◆ **Exercise brief**
Pictures aside, write out every record exactly as it appears.

[Image-text web data]
********************
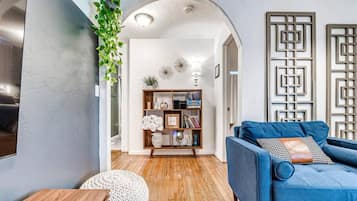 A modern living room with a blue sofa, wooden coffee table, and a decorative bookshelf.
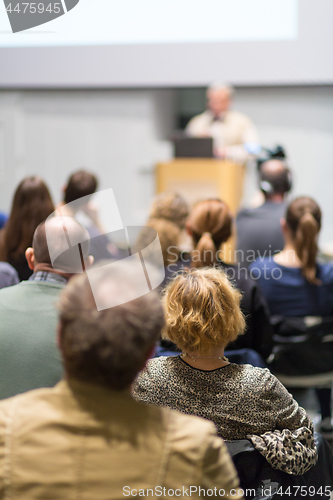 Image of Man giving presentation in lecture hall at university.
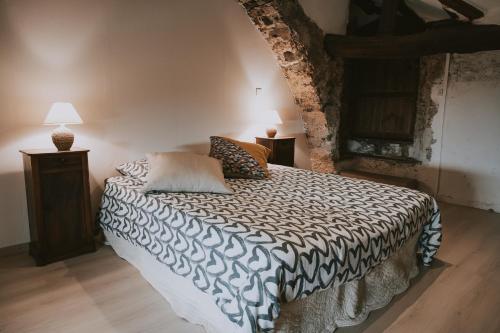 a bedroom with a bed in the corner of a room at Domaine de Tapies 2 gites jusqu à 19 personnes in Cornus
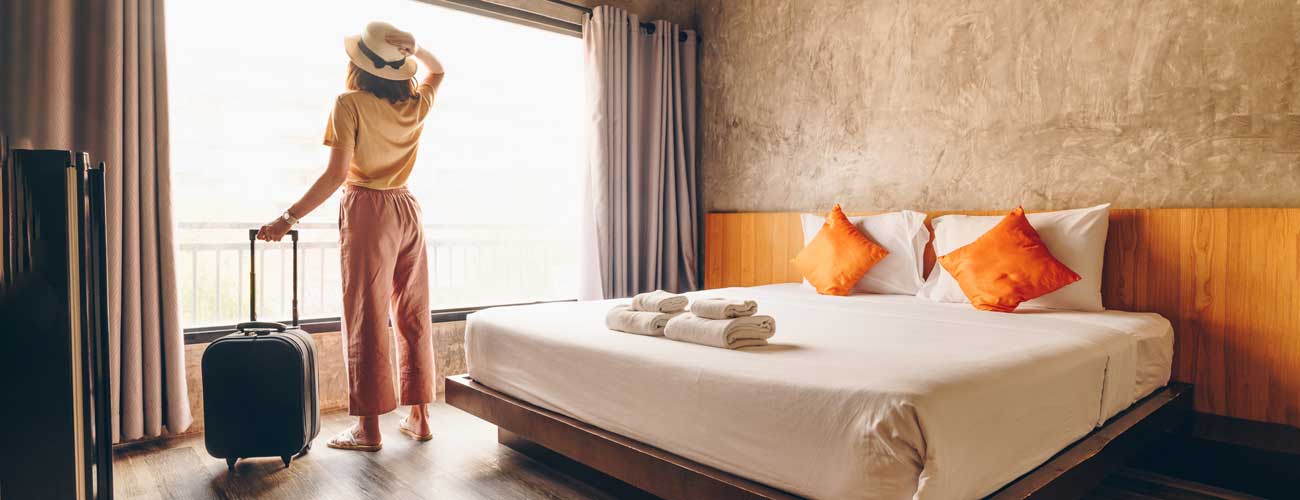 Woman looking out window of hotel next to bed with orange pillows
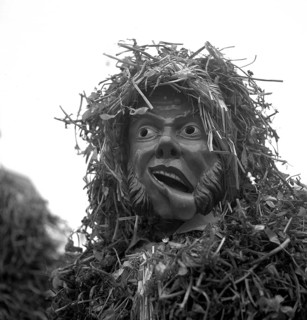 Masked man with drooping corner of his mouth and a suit of straw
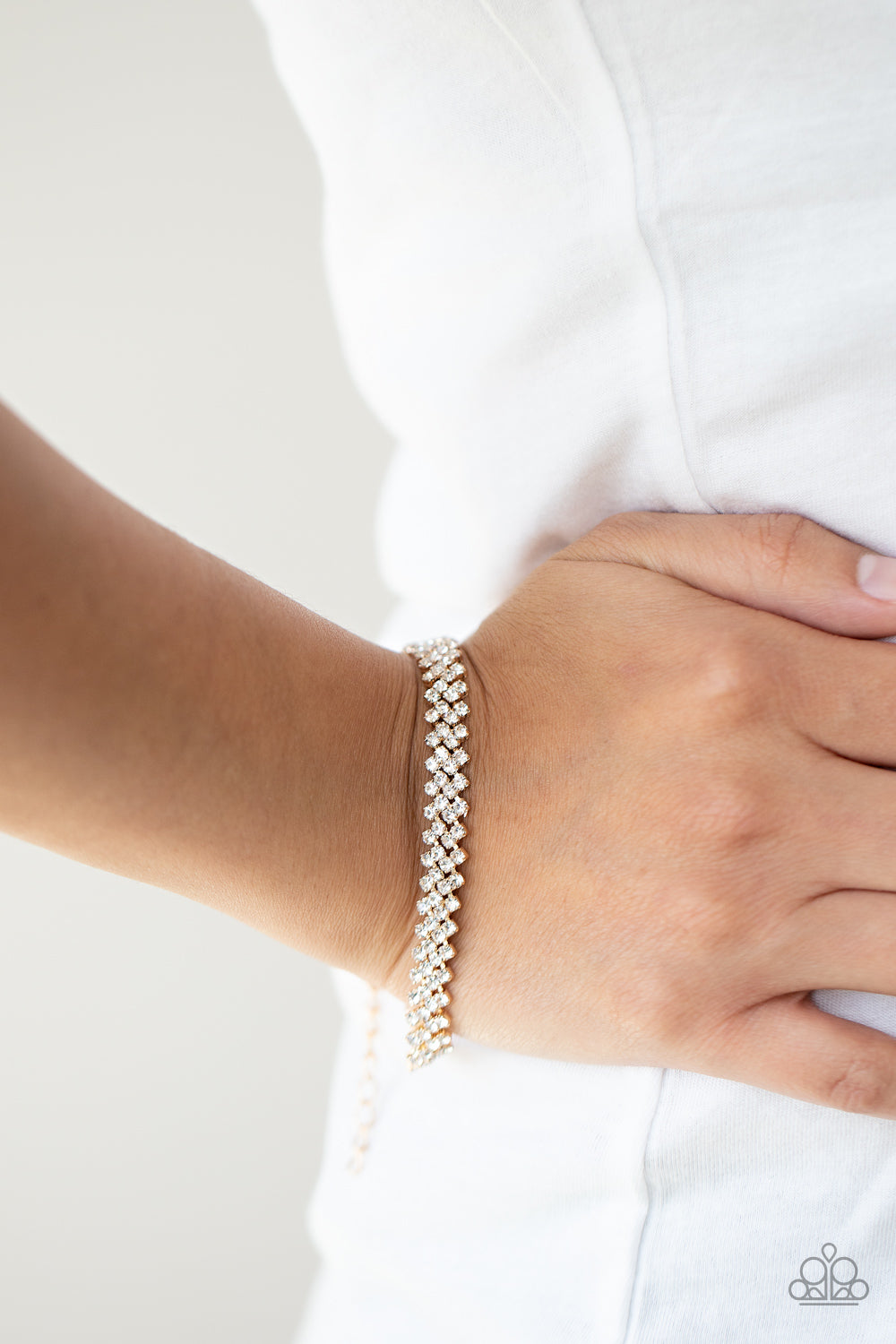 Paparazzi Accessories-Chicly Candescent Gold Sleek White Rhinestone Bracelet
********************
◆ **Solution for this task**
 A modern living room with a blue sofa, wooden coffee table, and a decorative bookshelf.
 Image of Man giving presentation in lecture hall at university.
 a bedroom with a bed in the corner of a room at Domaine de Tapies 2 gites jusqu à 19 personnes in Cornus
 Woman looking out window of hotel next to bed with orange pillows
 Masked man with drooping corner of his mouth and a suit of straw
 Paparazzi Accessories-Chicly Candescent Gold Sleek White Rhinestone Bracelet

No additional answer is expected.